* **WHAT THE TASK REQUIRES**:
From the entries below, print exactly the span beginning with the line holding "Building Photo - 4" and ending with the line holding "Used 2022 Nissan Pathfinder SL", endpoints included, and skip any pictures.

* **SUPPLIED DATA**:

----

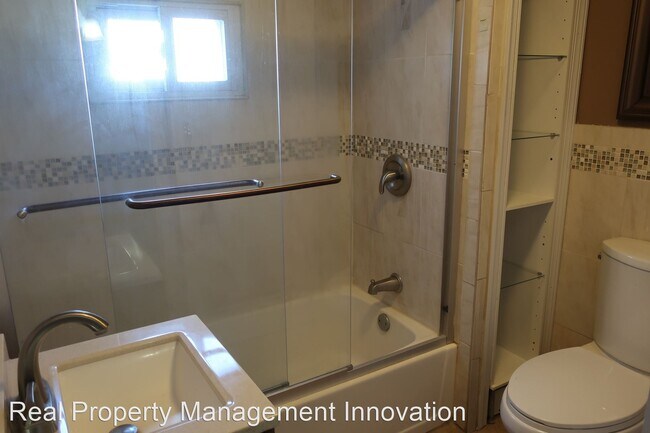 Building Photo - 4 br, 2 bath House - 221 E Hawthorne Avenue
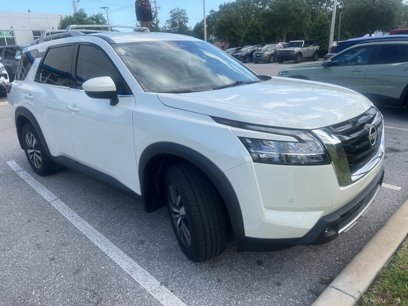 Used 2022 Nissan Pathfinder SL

----

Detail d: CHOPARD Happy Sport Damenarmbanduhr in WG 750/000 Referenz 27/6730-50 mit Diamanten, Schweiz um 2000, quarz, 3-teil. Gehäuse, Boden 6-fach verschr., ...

----

* **TASK ANSWER**:
 Building Photo - 4 br, 2 bath House - 221 E Hawthorne Avenue
 Used 2022 Nissan Pathfinder SL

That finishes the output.